__YOUR ASSIGNMENT__: Down to the last line, reproduce the data that follows, but skip the pictures.

__SUPPLIED DATA__:
--*--
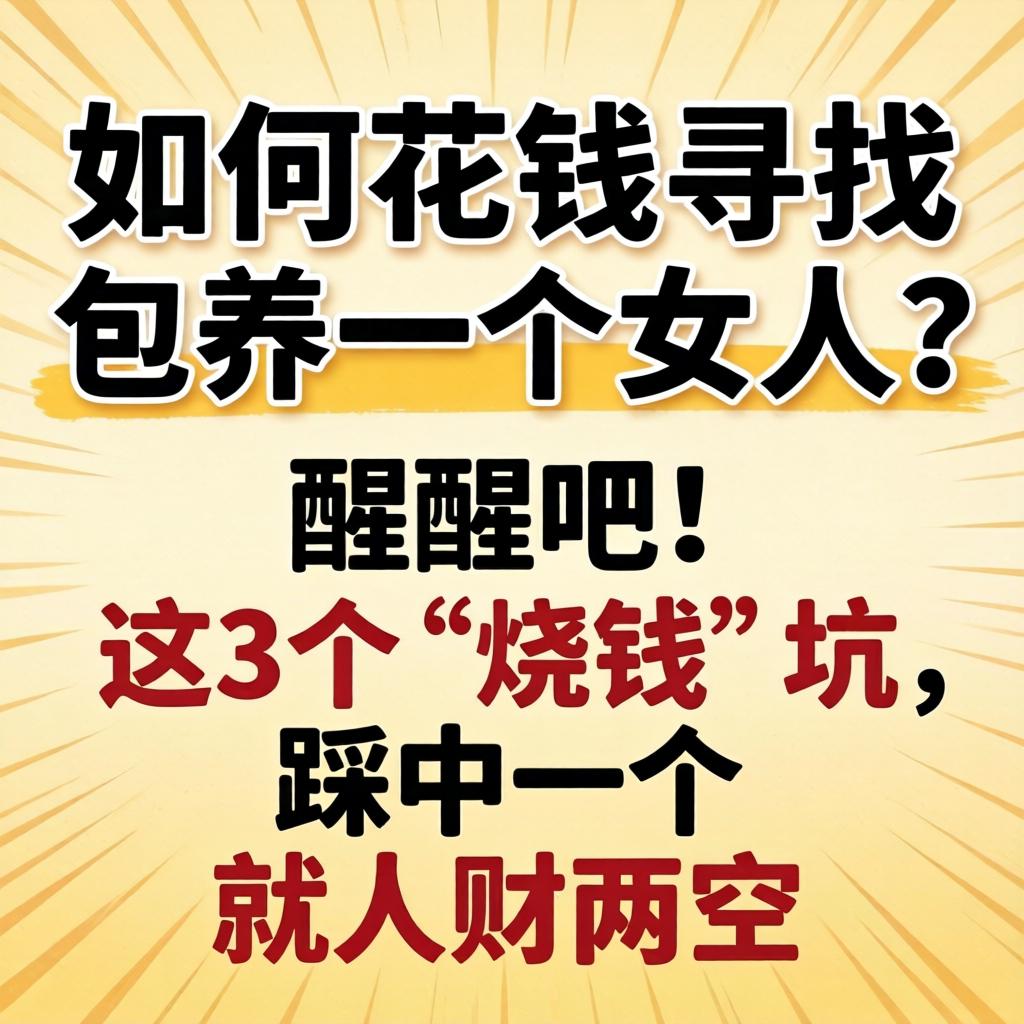 如何花钱寻找包养一个女人?醒醒吧!这3个“烧钱”坑,踩中一个就人财两空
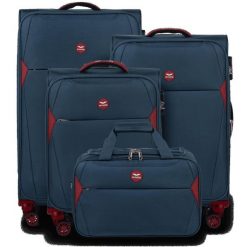Zestaw 3 walizek DIPPER + torba podręczna Wings BLUE. Niebieskie torebki klasyczne damskie Wings, bez wzorów, z materiału, duże, bez dodatków. Za 679.00 zł.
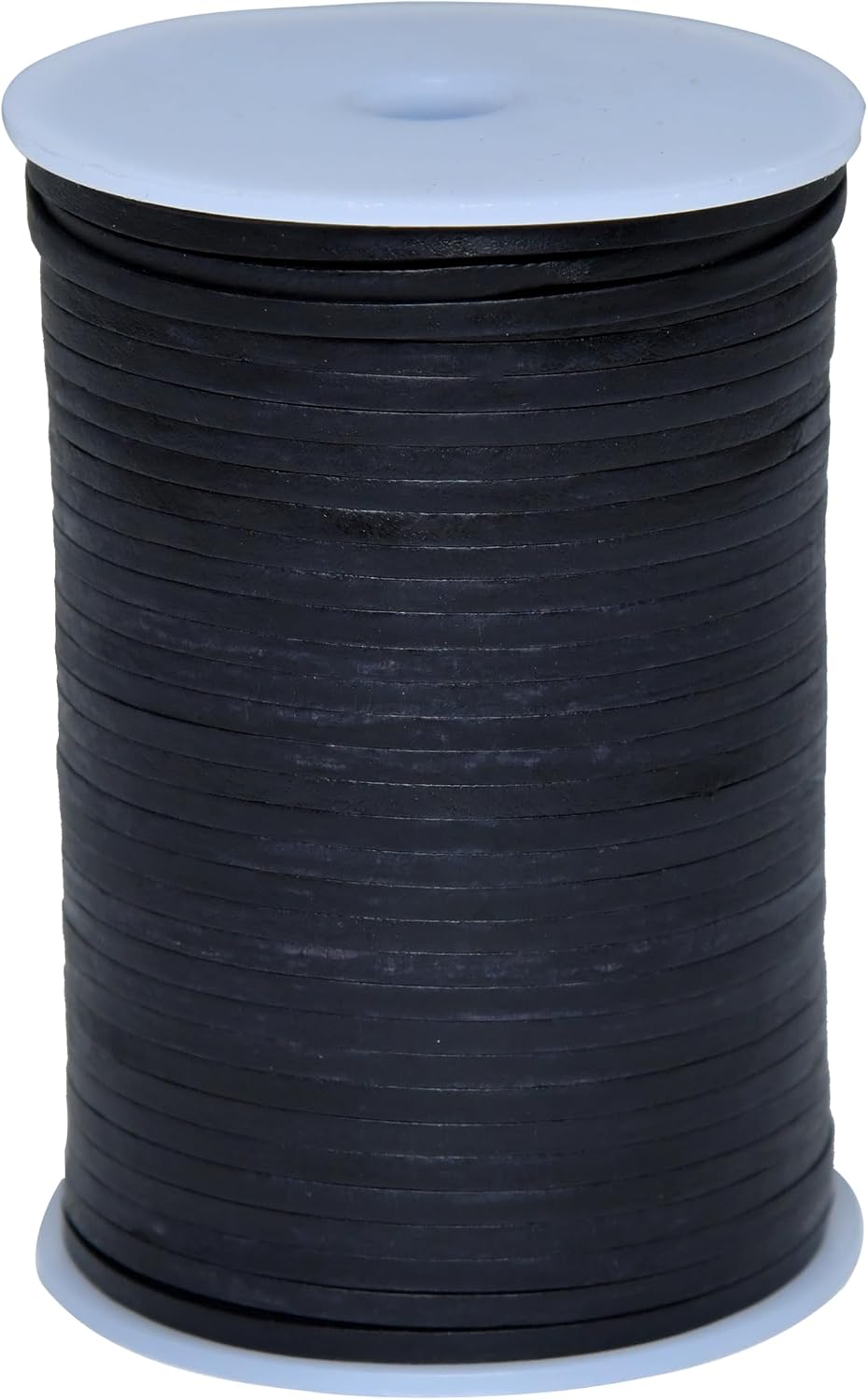 22 Yard 3mm Flat Leather Strip String Cord - Distressed Matte Black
--*--
__COMPLETED EXERCISE__:
 如何花钱寻找包养一个女人?醒醒吧!这3个“烧钱”坑,踩中一个就人财两空
Zestaw 3 walizek DIPPER + torba podręczna Wings BLUE. Niebieskie torebki klasyczne damskie Wings, bez wzorów, z materiału, duże, bez dodatków. Za 679.00 zł.
 22 Yard 3mm Flat Leather Strip String Cord - Distressed Matte Black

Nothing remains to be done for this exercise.